> _Your task_: Without the images, repeat every line of the listing verbatim.

> _Given information_:

★ ★ ★ ★

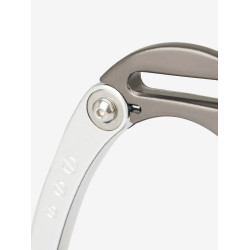 Staffili LeMieux Vector Balance Carbonio / argento Grigio Staffili LeMieux Vector Balance Carbonio / argento Grigio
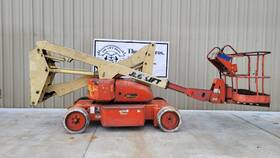 0300018439 Jlg 35ft N35 Electric Boom Lift #1118 Genie Skyjack
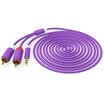 Wins shengwei ARC-1018F 35mm one two audio cable 18 m clove purple 35 turn double lotus 2RCA audio computer speaker line amplifier audio line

★ ★ ★ ★

> _Solution to the exercise_:
 Staffili LeMieux Vector Balance Carbonio / argento Grigio Staffili LeMieux Vector Balance Carbonio / argento Grigio
 0300018439 Jlg 35ft N35 Electric Boom Lift #1118 Genie Skyjack
 Wins shengwei ARC-1018F 35mm one two audio cable 18 m clove purple 35 turn double lotus 2RCA audio computer speaker line amplifier audio line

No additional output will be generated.